Fans will be getting some additional protection at the ballpark this season from balls and bats that fly into the stands, as many teams follow the recommendation of Major League Baseball and extend the protective netting that already exists behind home plate down the first and third base lines, with the idea of covering any seat within 70 feet of home plate. We are mindful that interaction between fan and player is one of baseball’s charms, but there have been too many scary incidents in recent years in which fans have been injured, or could have been, to ignore the problem. 

Those who find the pace of baseball too slow (and even many die-hard fans do) will be encouraged to learn that measures to speed up the game instituted last year shaved more than 6 minutes off the average game. This season, in the same vein, coaches and managers will be limited to 30-second consultations with pitchers on the mound.   

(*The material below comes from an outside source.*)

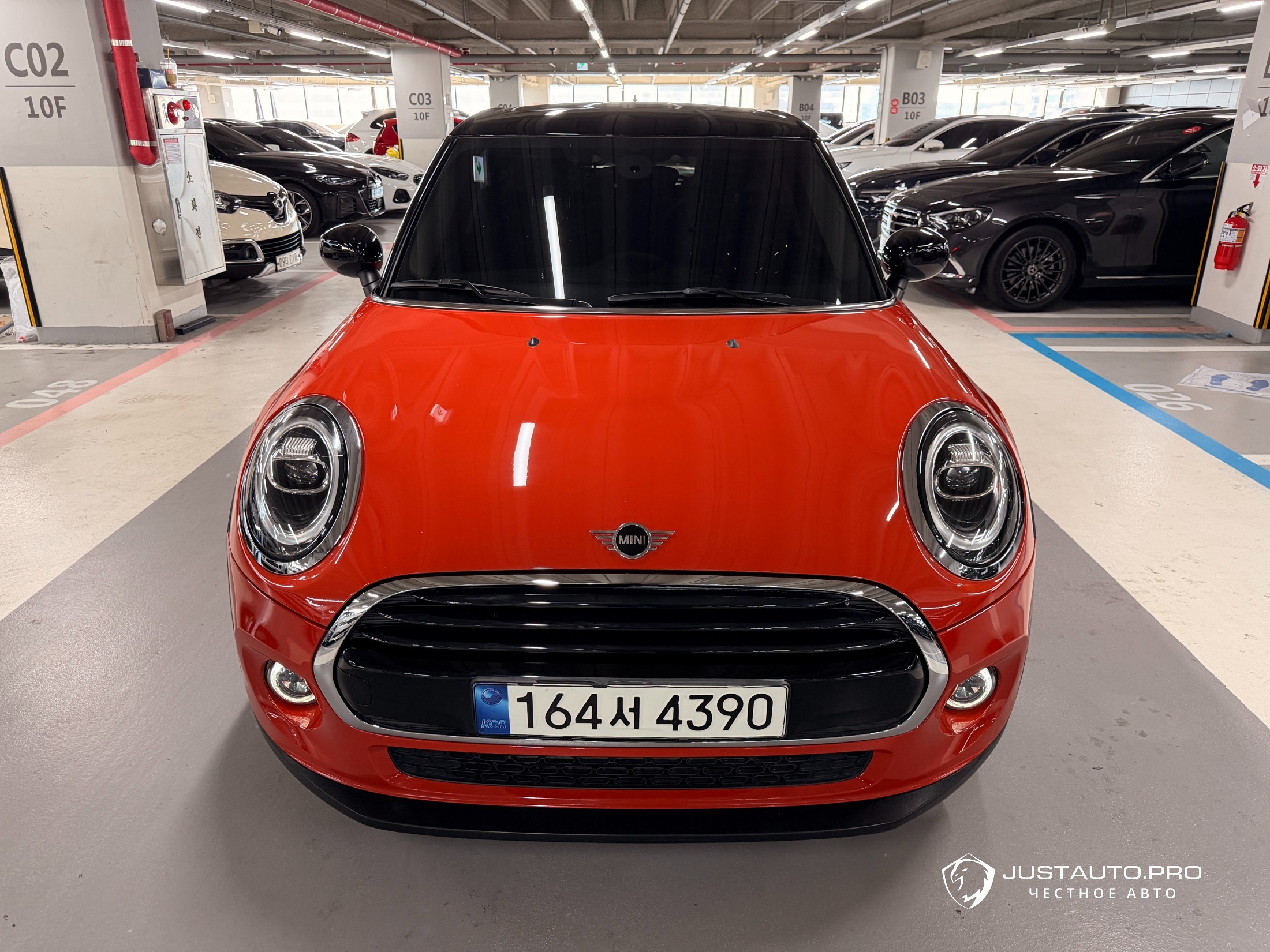 Автомобиль Mini Cooper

On the field, the game is studded with bright young stars, including the prodigiously talented outfielders Mike Trout of the Los Angeles Angels and Bryce Harper of the Washington Nationals, who seem destined to duel for many years for the title of baseball’s best player. We have not seen Harper play all that often, but familiarity with Trout’s all-around game inspires awe. He’s the closest thing to a young, healthy Mickey Mantle that has come on the scene in many a year.

And then there are the Mets, with four — or is it five? — young, flame-throwing aces in their starting rotation, evoking memories of . . . well, let’s not go there. The history of baseball is full of stories of promising pitching staffs all too quickly worn down and used up by the extraordinary demands that the game places on young pitching arms. After all, what other sport has a singular surgical procedure named after one of its former players (Tommy John)? Let’s hope this group stays together and succeeds together.    

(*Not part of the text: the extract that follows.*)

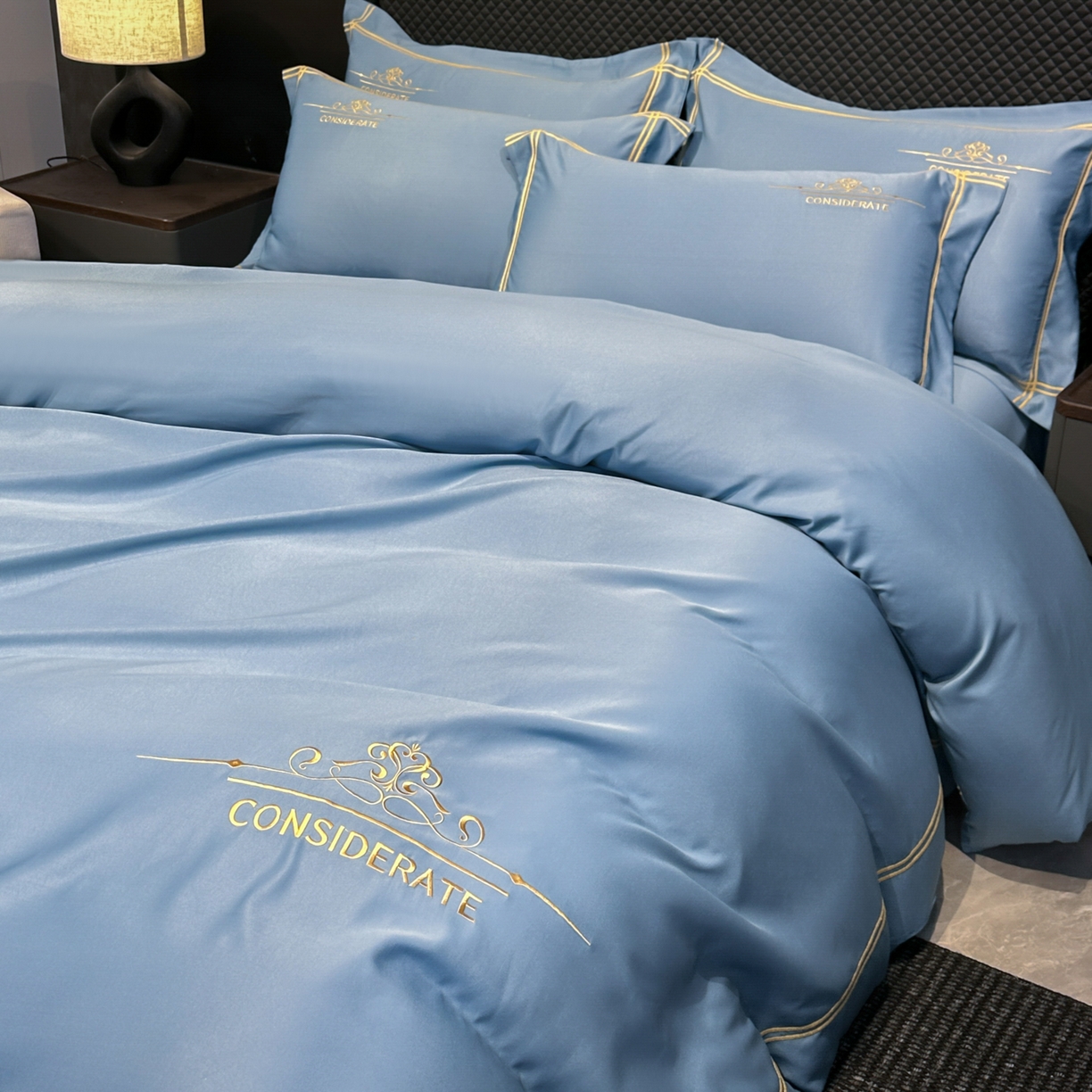 91家纺网 家纺一手货源 找家纺 （总）绒掌柜家纺（品质焕新） 2026新款水洗真丝天丝冰丝刺绣四件套-典雅系列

The Red Sox, coming off their third last-place finish in four years, have some reason for optimism in their own right this season, having paid top dollar in the offseason for a top-flight starting pitcher in David Price. He will complement a roster replete with talented youngsters, among whom shortstop Xander Bogaerts and outfielder Mookie Betts stand out as already on the brink of stardom. The new season marks a shift in management philosophy in Boston as well. Principal owner John Henry acknowledged in February that he thought the team had relied too heavily on statistical analysis in making decisions in recent years, which may explain in part why he brought in old-school executive and old friend Dave Dombrowski to run the Sox in place of Ben Cherington, pride of the Upper Valley, who has a World Series championship to his credit as well as a couple of disappointing seasons.   

Nonetheless, analytics are now an ingrained part of baseball, as witnessed by a multi-year deal recently struck between Apple and Major League baseball that will equip every team’s coaching staff with iPad Pro tablets on which they can use proprietary data to help make dugout decisions in real time. We can’t help but wonder whether Apple is prepared to replace the tablets when an outraged manager blows a gasket over an umpire’s call and slams down his new digital helper on the concrete floor of the dugout. Think of it as old school meets new.